## WORK ITEM
Starting with the line that has "中国足球：后卫线再现危机，如何解决？" and finishing with the line that has "未使用】ポケモンカード 拡張パック第4弾「ロケット団」 旧裏", set down each line below exactly. Pictures are not copied.

Start of INFORMATION SUPPLIED

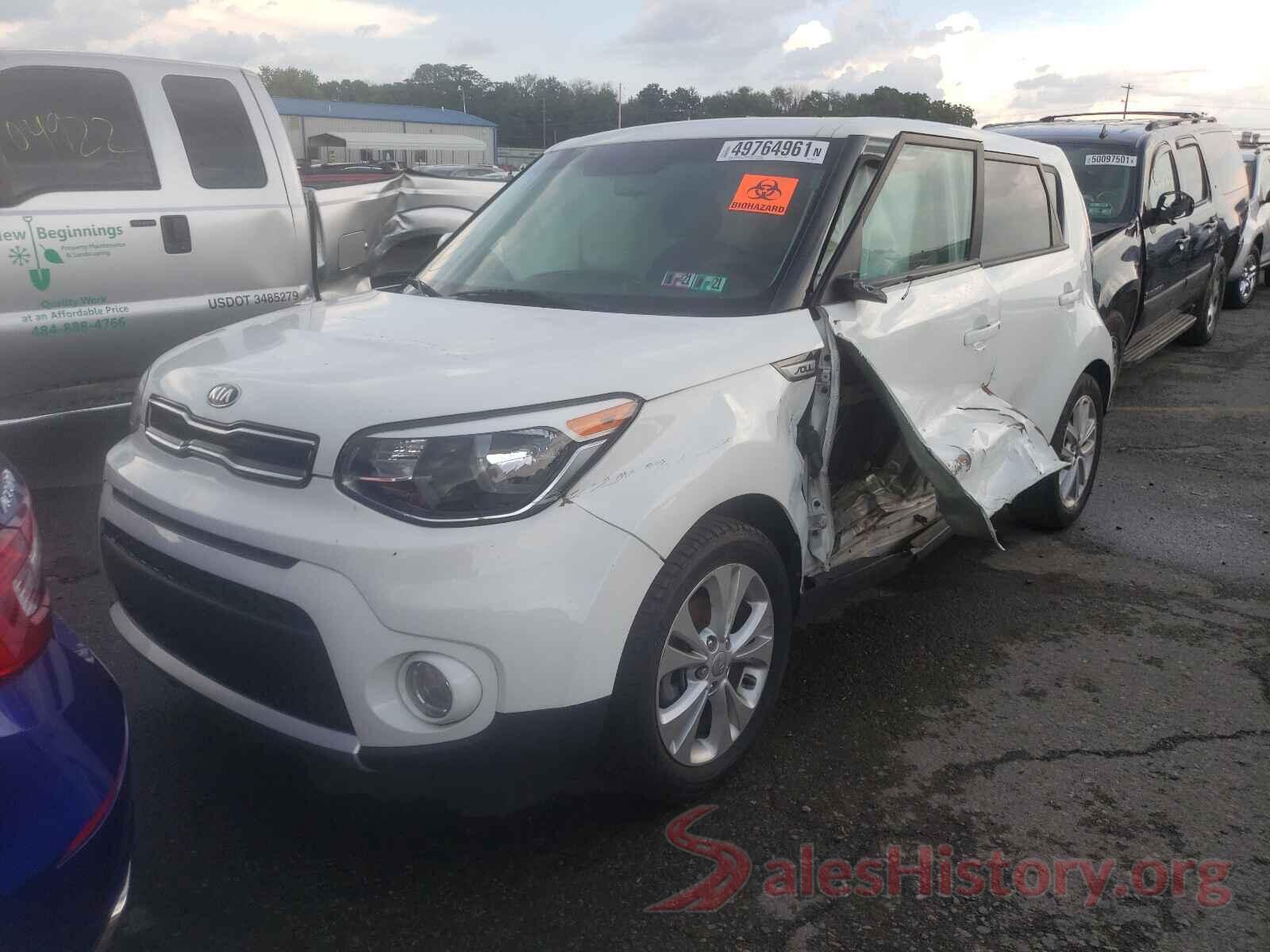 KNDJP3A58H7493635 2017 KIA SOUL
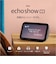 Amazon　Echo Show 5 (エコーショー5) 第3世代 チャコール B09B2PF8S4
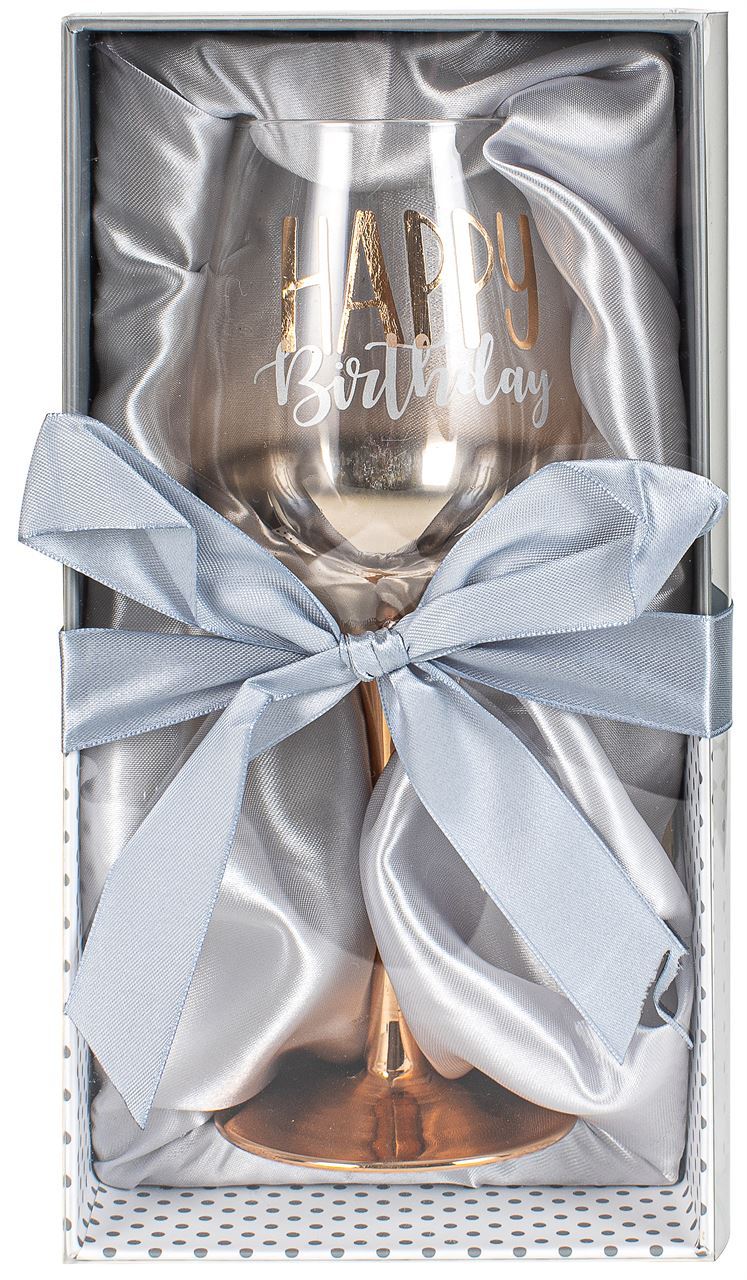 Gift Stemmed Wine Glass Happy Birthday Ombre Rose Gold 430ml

End of INFORMATION SUPPLIED
Start of INFORMATION SUPPLIED

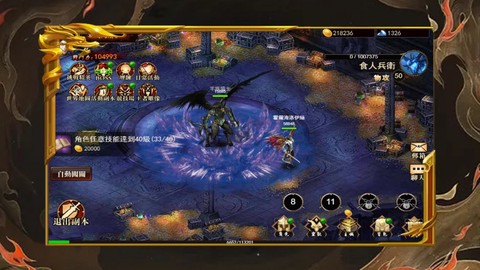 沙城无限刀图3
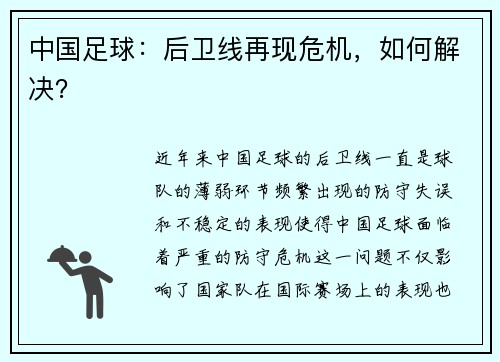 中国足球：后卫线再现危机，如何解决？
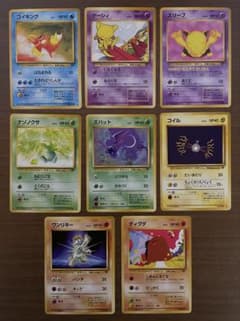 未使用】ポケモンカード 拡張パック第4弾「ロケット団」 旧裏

End of INFORMATION SUPPLIED
Start of INFORMATION SUPPLIED

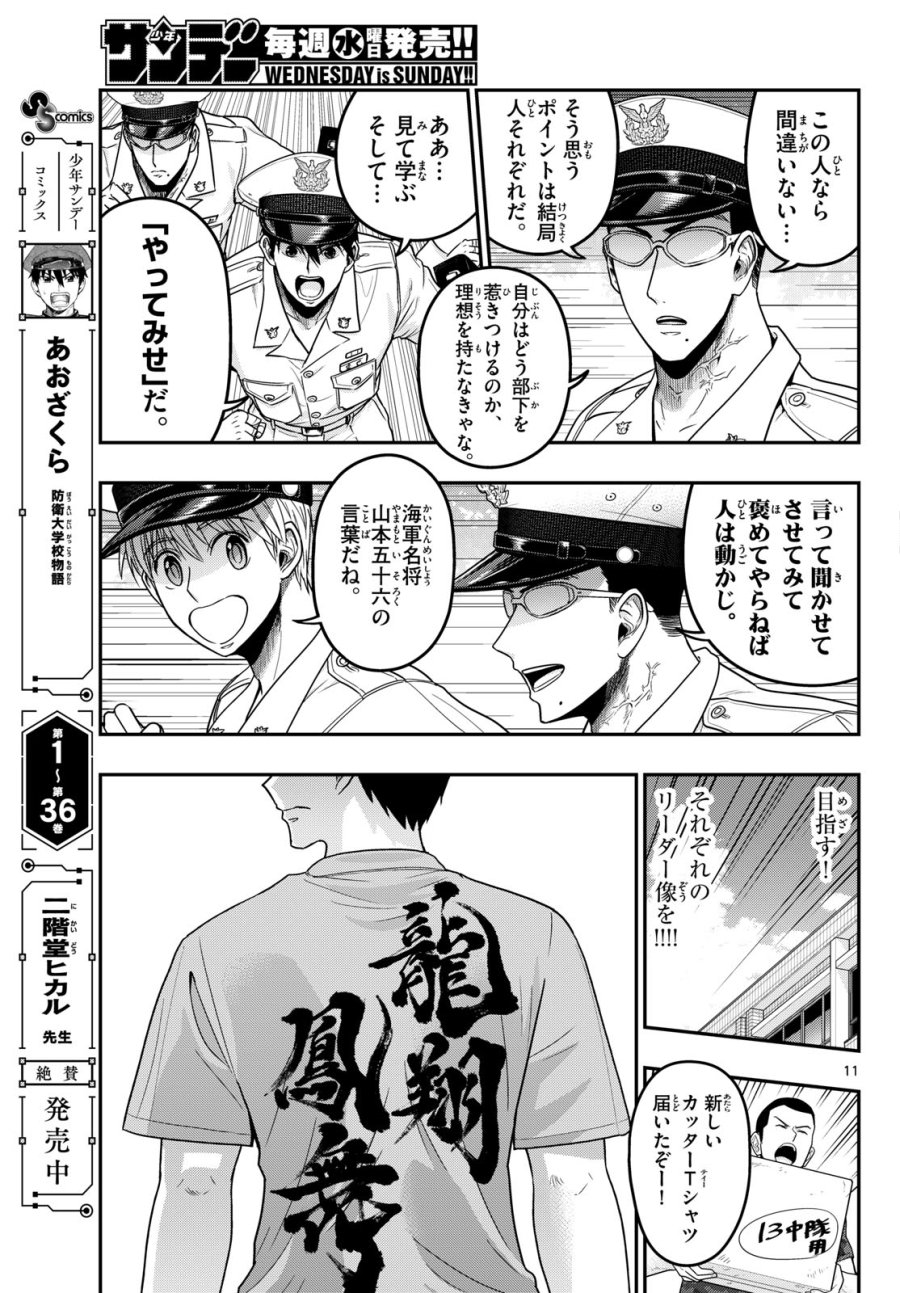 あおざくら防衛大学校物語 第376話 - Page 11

End of INFORMATION SUPPLIED

## EXERCISE SOLUTION
 中国足球：后卫线再现危机，如何解决？
 未使用】ポケモンカード 拡張パック第4弾「ロケット団」 旧裏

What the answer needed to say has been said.